1. [5 points] (Spherical Symmetry) Let$R$be a rotational matrix, that is$RR^t = I$, and$u$be harmonic in$\mathbb{R}^n$. Define$v$by$v(x) = u(Rx)$. Show that$v$is harmonic in$\mathbb{R}^n$.

2. [5 points] (Schwarz reflection principle) Let$\Omega$be a domain in$\mathbb{R}^2$symmetric about the$x$-axis and let$\Omega^+ = \{(x, y) : y > 0\}$be the upper part.
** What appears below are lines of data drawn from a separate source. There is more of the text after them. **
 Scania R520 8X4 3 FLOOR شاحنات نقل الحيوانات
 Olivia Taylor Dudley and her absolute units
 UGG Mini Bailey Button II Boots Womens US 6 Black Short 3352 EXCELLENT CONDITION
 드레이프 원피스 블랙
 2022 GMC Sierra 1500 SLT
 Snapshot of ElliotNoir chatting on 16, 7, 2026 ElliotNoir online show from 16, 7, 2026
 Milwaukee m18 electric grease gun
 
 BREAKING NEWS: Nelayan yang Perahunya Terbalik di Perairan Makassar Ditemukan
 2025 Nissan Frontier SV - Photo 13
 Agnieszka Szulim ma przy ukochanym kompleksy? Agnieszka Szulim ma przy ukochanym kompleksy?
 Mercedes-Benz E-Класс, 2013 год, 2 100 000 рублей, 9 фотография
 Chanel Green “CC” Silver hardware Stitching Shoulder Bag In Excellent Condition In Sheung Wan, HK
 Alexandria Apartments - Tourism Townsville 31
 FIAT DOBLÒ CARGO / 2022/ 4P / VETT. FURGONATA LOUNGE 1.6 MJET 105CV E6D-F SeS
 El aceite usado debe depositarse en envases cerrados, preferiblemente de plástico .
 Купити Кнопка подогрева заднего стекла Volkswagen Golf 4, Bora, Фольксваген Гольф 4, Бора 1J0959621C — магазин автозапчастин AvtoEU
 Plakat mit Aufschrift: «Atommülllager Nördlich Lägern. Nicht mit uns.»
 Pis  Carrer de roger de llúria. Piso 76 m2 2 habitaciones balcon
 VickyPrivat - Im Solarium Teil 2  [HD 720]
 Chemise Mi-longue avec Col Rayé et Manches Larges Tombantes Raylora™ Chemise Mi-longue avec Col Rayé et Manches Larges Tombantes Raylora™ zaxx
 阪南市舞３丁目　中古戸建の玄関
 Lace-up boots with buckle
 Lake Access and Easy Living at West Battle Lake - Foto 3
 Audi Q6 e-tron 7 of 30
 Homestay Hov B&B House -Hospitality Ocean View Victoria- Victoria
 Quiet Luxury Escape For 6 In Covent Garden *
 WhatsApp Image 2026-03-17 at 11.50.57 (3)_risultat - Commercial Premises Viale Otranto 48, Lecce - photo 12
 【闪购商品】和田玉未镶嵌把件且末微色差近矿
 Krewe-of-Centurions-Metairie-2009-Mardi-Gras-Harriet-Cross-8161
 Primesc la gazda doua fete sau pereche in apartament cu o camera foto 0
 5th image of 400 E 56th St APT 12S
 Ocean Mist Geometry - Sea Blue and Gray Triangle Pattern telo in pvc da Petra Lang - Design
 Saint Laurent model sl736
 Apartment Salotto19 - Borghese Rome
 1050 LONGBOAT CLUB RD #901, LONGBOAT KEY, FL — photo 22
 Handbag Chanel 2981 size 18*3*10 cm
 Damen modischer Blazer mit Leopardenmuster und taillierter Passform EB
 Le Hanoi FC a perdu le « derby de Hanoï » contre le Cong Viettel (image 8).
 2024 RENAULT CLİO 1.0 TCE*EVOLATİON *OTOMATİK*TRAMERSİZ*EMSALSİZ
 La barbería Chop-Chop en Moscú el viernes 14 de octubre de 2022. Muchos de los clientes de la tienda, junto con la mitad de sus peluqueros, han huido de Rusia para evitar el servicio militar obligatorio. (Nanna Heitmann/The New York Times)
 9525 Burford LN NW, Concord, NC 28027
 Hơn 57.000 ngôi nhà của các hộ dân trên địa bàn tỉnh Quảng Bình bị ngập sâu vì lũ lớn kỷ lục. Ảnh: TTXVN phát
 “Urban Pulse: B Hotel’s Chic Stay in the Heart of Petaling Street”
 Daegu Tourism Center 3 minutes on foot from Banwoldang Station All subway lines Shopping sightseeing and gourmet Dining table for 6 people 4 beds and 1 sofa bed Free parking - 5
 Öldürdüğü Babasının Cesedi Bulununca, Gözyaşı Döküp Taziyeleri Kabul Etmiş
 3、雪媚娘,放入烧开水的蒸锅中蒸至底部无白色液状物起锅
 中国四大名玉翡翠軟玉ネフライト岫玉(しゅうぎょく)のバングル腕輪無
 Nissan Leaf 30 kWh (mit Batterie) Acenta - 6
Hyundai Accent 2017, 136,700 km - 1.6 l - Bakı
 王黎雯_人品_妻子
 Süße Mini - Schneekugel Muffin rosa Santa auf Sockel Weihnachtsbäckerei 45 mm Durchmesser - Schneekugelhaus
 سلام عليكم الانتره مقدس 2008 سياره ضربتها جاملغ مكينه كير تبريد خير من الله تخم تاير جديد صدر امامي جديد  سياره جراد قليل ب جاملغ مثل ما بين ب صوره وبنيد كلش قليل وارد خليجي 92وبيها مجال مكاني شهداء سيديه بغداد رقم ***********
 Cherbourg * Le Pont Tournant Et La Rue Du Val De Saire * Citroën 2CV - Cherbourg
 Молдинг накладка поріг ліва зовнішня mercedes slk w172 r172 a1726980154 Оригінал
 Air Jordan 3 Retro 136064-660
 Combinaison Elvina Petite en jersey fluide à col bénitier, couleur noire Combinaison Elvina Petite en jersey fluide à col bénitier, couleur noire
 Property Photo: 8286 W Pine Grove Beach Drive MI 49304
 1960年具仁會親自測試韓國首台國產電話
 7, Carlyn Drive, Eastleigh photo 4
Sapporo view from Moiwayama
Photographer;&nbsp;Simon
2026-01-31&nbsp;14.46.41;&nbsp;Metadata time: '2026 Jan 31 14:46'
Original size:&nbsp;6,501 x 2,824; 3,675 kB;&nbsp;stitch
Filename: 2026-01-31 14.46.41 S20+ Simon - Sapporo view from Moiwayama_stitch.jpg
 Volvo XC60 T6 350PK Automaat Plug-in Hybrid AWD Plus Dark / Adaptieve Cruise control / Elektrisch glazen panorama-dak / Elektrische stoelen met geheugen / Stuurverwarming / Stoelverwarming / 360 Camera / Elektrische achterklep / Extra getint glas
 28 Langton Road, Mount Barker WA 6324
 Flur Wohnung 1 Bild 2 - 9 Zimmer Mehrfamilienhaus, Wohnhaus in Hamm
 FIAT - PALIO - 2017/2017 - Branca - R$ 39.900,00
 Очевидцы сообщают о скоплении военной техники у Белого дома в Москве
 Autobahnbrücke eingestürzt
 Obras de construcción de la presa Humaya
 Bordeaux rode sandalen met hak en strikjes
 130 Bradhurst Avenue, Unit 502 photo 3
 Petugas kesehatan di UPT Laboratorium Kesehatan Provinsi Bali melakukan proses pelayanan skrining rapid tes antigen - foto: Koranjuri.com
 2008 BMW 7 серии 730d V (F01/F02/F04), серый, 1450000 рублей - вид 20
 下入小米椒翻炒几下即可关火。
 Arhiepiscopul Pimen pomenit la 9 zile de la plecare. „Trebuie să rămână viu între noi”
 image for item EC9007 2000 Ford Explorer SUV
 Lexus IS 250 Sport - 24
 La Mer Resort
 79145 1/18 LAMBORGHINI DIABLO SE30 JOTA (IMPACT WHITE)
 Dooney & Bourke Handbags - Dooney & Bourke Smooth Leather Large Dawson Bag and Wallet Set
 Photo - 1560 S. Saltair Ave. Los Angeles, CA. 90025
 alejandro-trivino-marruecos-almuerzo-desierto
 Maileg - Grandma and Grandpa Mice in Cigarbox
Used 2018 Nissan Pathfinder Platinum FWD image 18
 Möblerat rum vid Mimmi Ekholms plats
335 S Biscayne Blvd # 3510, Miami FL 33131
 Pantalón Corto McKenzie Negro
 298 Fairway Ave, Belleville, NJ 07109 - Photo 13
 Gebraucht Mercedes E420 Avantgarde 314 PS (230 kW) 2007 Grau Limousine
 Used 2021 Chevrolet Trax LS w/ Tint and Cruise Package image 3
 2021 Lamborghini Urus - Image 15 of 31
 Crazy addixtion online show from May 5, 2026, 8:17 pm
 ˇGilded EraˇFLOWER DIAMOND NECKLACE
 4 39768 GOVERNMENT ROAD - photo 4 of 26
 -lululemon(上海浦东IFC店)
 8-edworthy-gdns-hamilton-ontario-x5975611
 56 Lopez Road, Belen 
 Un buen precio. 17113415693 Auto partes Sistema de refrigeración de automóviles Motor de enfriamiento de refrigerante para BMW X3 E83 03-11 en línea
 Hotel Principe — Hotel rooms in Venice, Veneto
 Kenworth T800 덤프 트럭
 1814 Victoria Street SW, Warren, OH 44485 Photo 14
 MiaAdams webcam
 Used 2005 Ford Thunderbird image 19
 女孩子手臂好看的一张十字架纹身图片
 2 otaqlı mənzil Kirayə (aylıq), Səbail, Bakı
Assume$u \in C(\Omega^+)$is harmonic in$\Omega^+$with$u = 0$on$\partial\Omega^+ \cap \{y = 0\}$. Define

   $$v(x, y) = \begin{cases} u(x, y), & y \geq 0, (x, y) \in \Omega, \\ -u(x, -y), & y < 0, (x, y) \in \Omega. \end{cases}$$

   Show that$v$is harmonic.

3. [5 points] (Harnack’s inequality) Let$u \geq 0$be harmonic in a domain$\Omega$. Let$V \subset\subset \Omega$be connected, open and let$d = d(V, \partial\Omega)$be the distance from$V$to the boundary$\partial\Omega$. Use MVT in suitable open balls to prove that

   $$2^n u(y) \geq u(x) \geq 2^{-n} u(y)$$

   for all$x, y \in V$satisfying$|x - y| \leq \frac{r}{4}$. Use this estimate to prove the following: There are constants$C_1, C_2 > 0$depending on$V$such that

   $$C_1 u(y) \geq u(x) \geq C_2 u(y)$$

   for all$x, y \in V$.

4. [5 points] (Harnack’s Convergence Theorem) Let$u_n:\Omega\to\mathbb{R}$be a monotonically increasing sequence of harmonic functions. If there exists$y\in\Omega$for which the sequence$\{u_n(y)\}_{n\in\mathbb{N}}$is bounded, then$u_n$converges on any$\Omega'\subset\subset\Omega$uniformly to a harmonic function.

5. [5 points] (Eigen Values) Consider the PDE$-\Delta u = \lambda u$in$\Omega$,$u = 0$on$\partial\Omega$where$\lambda$is a scalar and$\Omega$is a bounded open set. If$\lambda \leq 0$, prove that$u \equiv 0$and there is no non-trivial solution.